* _Task instructions_: Word for word, restate the lines of the listing below from the line with "For this task, we" through the line with "Hello, my name", and do not include the pictures.

─── Exercise material

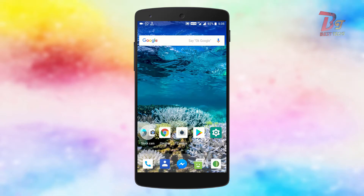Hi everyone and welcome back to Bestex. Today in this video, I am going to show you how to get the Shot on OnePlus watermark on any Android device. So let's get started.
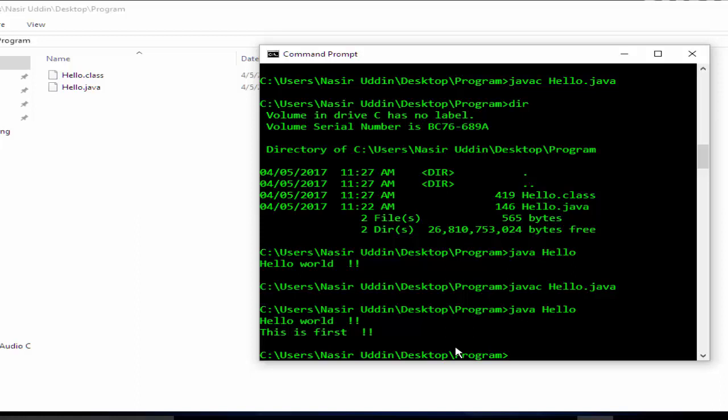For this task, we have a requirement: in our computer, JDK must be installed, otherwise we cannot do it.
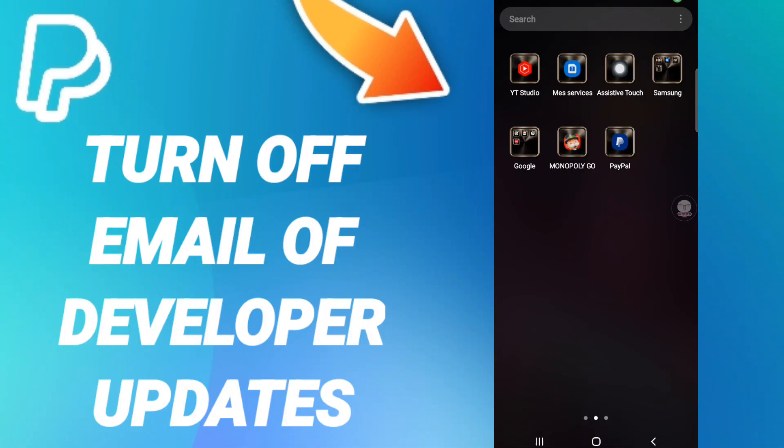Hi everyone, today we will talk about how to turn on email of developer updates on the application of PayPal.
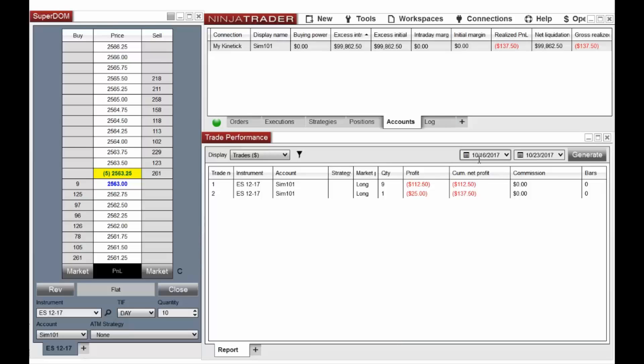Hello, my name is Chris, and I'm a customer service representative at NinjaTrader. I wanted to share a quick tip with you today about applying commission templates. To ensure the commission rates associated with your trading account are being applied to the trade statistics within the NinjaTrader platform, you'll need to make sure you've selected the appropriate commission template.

──────
─── Exercise material

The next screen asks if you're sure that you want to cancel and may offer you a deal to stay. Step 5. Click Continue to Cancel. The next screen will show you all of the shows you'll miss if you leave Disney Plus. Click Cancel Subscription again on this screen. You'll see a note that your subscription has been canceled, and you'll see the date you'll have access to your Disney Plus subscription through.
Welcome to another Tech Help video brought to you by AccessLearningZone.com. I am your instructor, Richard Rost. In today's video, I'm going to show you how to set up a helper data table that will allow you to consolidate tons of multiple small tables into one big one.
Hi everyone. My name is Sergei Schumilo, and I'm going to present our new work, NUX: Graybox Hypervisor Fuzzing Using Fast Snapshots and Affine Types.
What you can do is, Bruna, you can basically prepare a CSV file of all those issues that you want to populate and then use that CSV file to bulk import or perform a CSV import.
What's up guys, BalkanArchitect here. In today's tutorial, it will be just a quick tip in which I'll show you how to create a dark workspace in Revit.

──────

* _Your solution_:
For this task, we have a requirement: in our computer, JDK must be installed, otherwise we cannot do it.
Hi everyone, today we will talk about how to turn on email of developer updates on the application of PayPal.
Hello, my name is Chris, and I'm a customer service representative at NinjaTrader. I wanted to share a quick tip with you today about applying commission templates. To ensure the commission rates associated with your trading account are being applied to the trade statistics within the NinjaTrader platform, you'll need to make sure you've selected the appropriate commission template.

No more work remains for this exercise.